▼

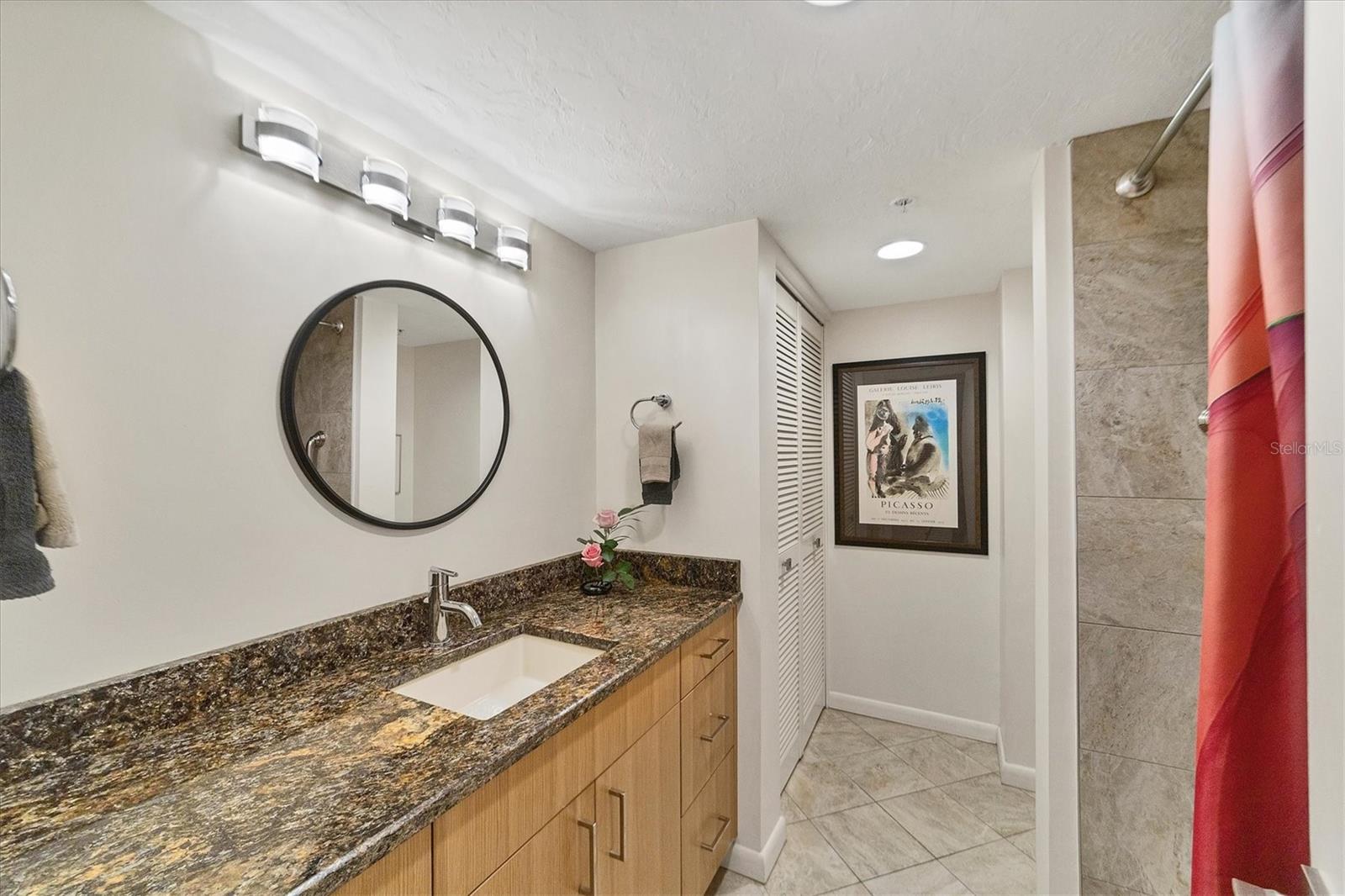 Image 46 of 75 For 988 Blvd Of The Arts  1816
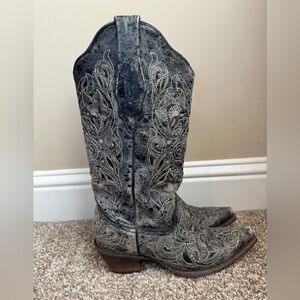Women’s size 8 Corral Western Boots. Black.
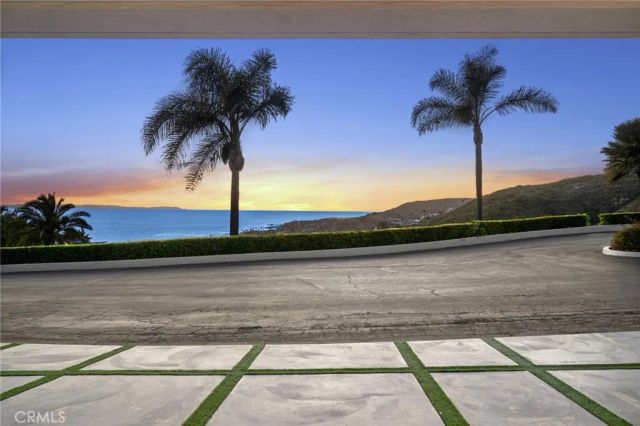 654 Canyon View Drive, Laguna Beach, CA 92651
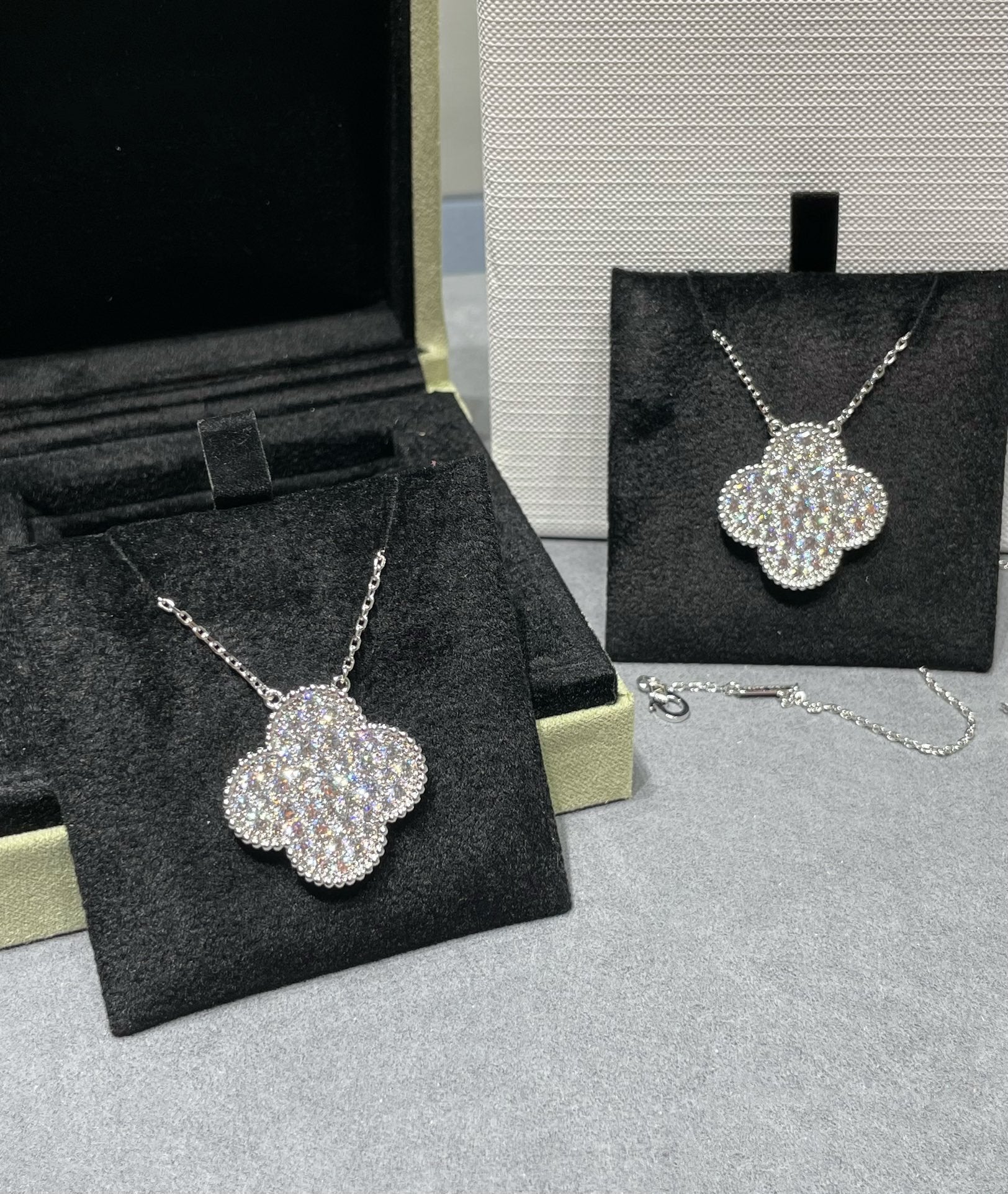 [VA]CLOVER 25MM LARGE PENDANT DIAMOND PAVED SILVER NECKLACE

▲

Work task: Take the line containing "Women’s size 8 Corral Western Boots. Black." through the last line of the material and retype exactly those lines, both ends included, with no pictures.

Result of this exercise:
Women’s size 8 Corral Western Boots. Black.
 654 Canyon View Drive, Laguna Beach, CA 92651
 [VA]CLOVER 25MM LARGE PENDANT DIAMOND PAVED SILVER NECKLACE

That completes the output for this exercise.